Maybe I could use a water break after all
, she thought a moment later, her mind continuing to drift in wide, fuzzy loops.

Dame Orinoco galloped forward, probably to spread the word that the techs needed a break soon.  Samanthi didn’t raise any objections.  The third Cavalier, a sturdy dark-skinned woman closer to human height, laid a metal hand on Samanthi’s arm as gently as she could.  “Only a few more hours today,” Dame Julie told her.

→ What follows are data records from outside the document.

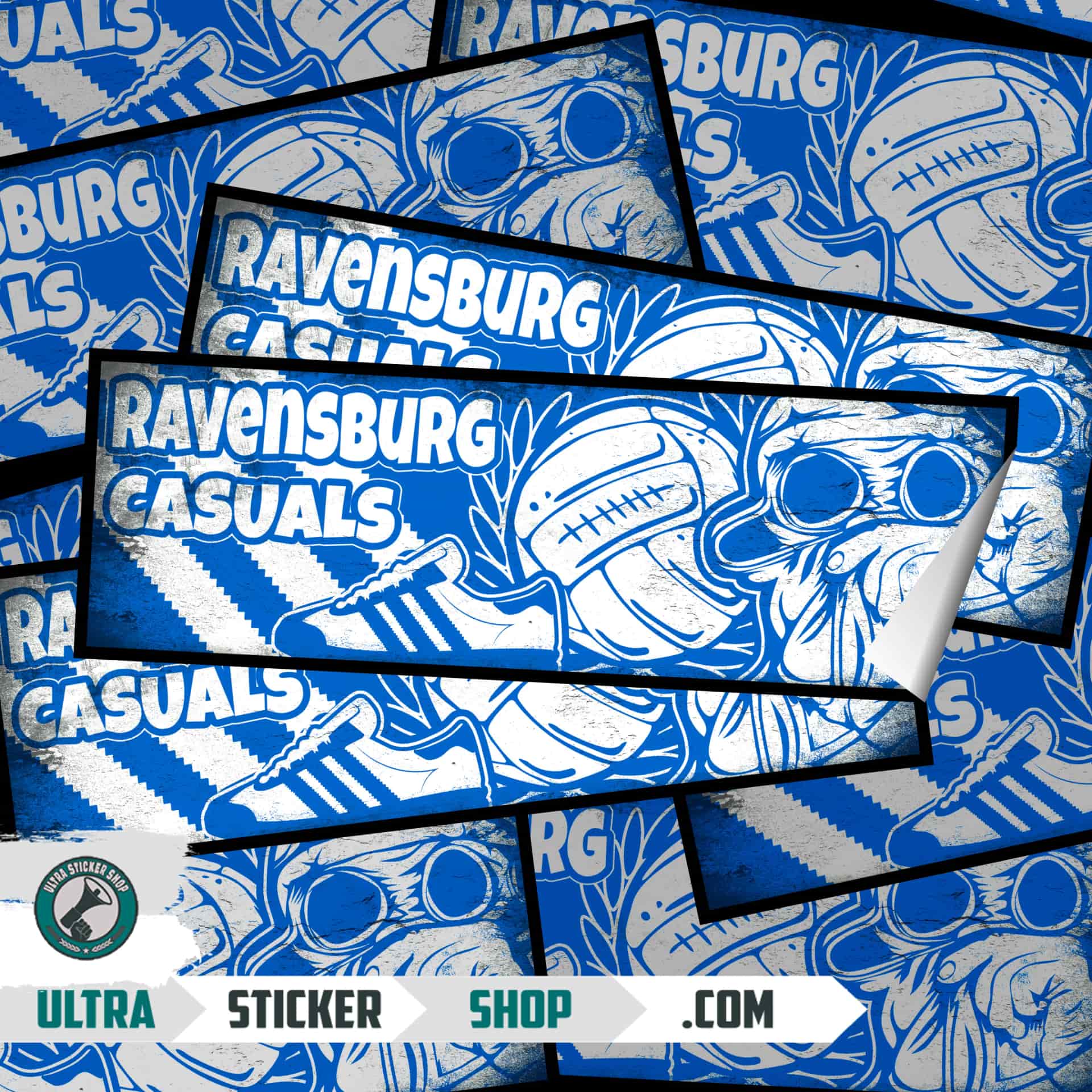 Ravensburg casuals Aufkleber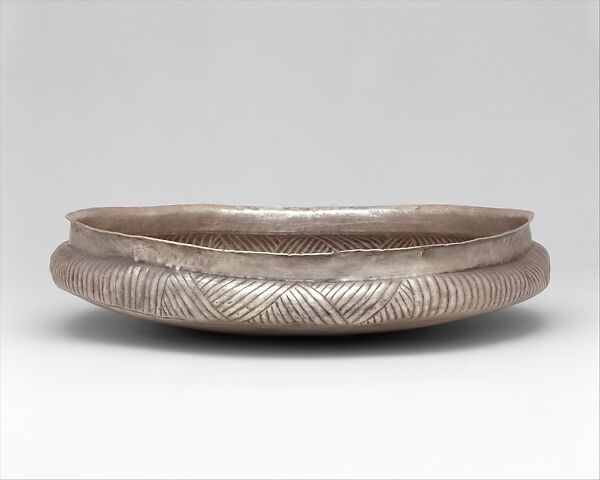 Silver bowl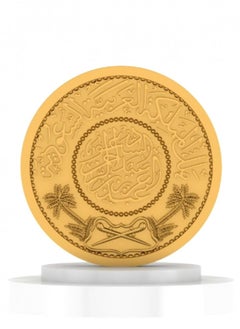 Dewan Gold Riyal 24K weighing 10 grams  - Image 2
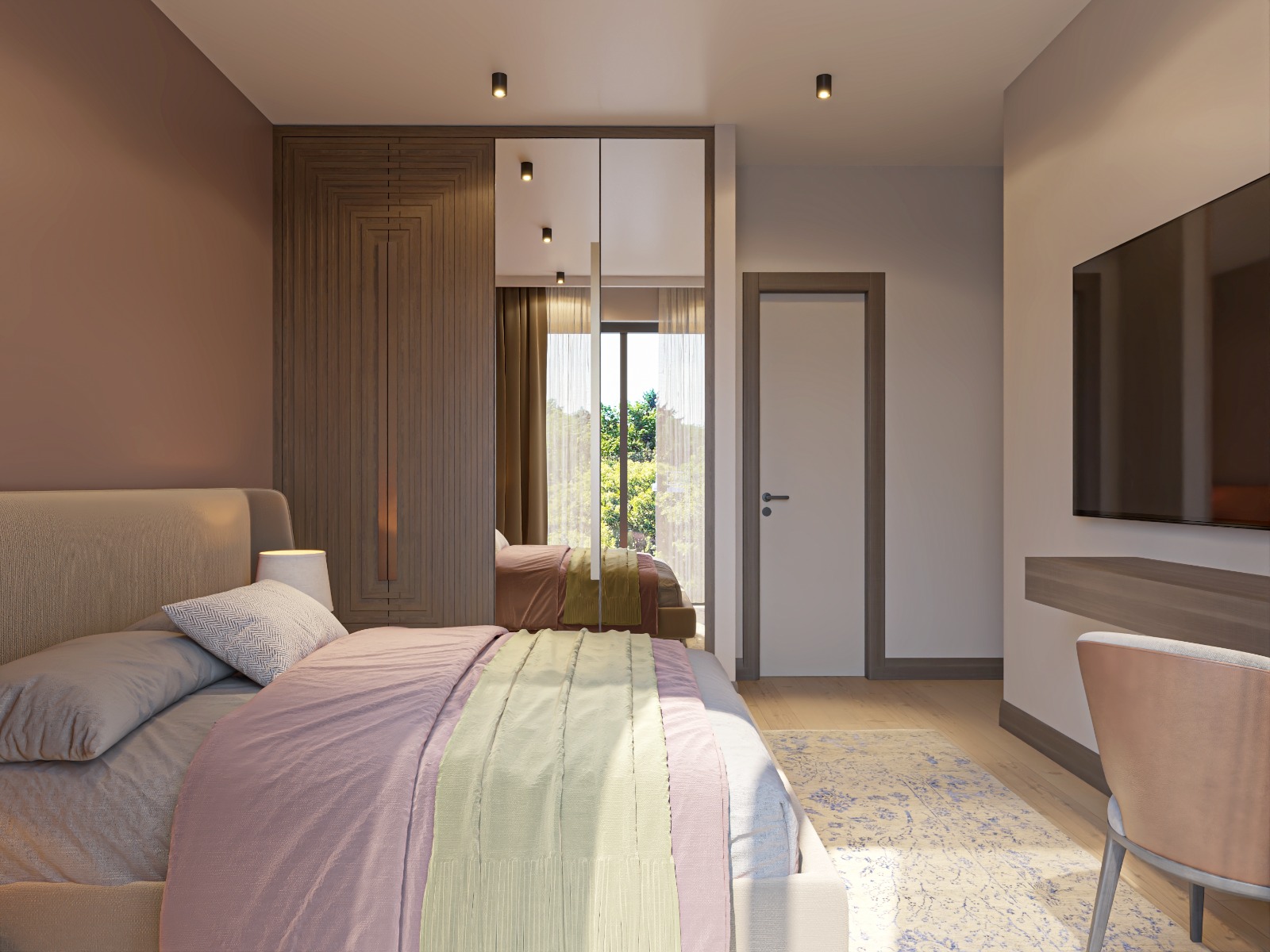 Palmora Cyprus – 4b iç mekân görseli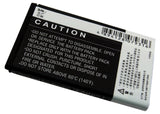 Battery for METROPCS HWM636 HB4A1H, HBU83S 3.7V Li-ion 950mAh / 3.52Wh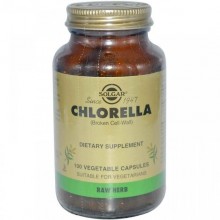 Хлорелла Solgar Chlorella (Broken Cell-Wall) 100 Veg Caps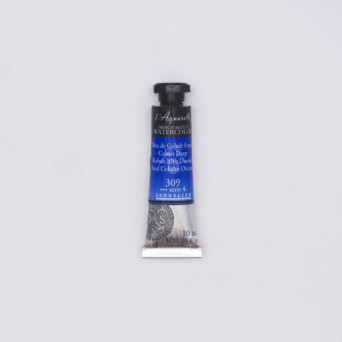 Farba akwarelowa l’Aquarelle - Sennelier - 309, Cobalt Deep, 10 ml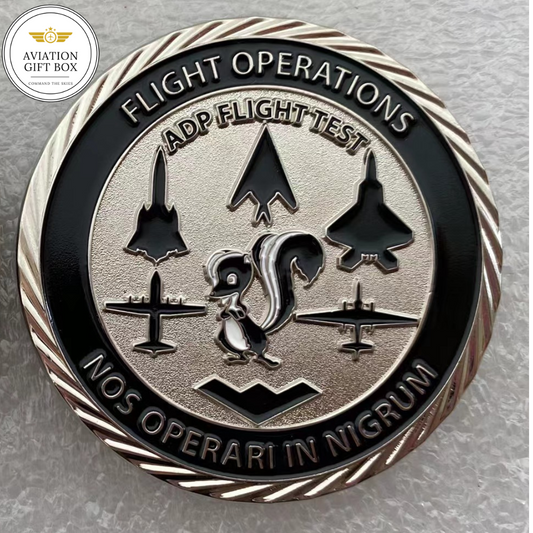 Skunk Works Top Gun Fan Collector's Coin (Limited Edition Pre-order)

“That was some hill, huh?  I can’t wait to take off these seven-leaguers,” their tech, Zig, complained with a smile, as if that could make whining ingratiating. 
Take ‘em off, then; and say hi to the troops when they catch up with your corpse in two days, ‘cause there’s no way you’ll keep up with us without them.
  Samanthi was in no mood for any woe-is-me tech banter, but she just nodded and kept her mouth shut.  She had to stay on good terms with Zig because if anything happened to one of the six ‘naut suits over the next few days, the two of them were going to be logging a lot of hard hours together.  The only tools were what they had in their packs, and whatever dated, dusty equipment was going to be at this logging camp, a ramshackle outpost of Delians that doubled as an out-of-the-way surveillance site for the Army.  Serious repairs would fly or fail on the basis of how much sweat they put into them.  Letting her tongue wag too much would just get in the way.

I feel like I’m doing that a lot lately
, she mused as she started walking again, the whining gears in her seven-league boots launching her forwards. 
Clamming up instead of speaking my mind.Worrying about rubbing people the wrong way. 
She deliberately aimed her foot towards a little red mushroom peeking up from the soil.  Her mechanized boot mashed it into pulp, without any audible crunch or feeling through her metal sole, and she felt a little guilty.  Were the people around her getting more uptight, or was she getting more nervous? 
I just want to be myself again, warts and all.  I want to joke and swear and annoy the piss out of the idiots I work with, and still finish the job early enough to go get a beer.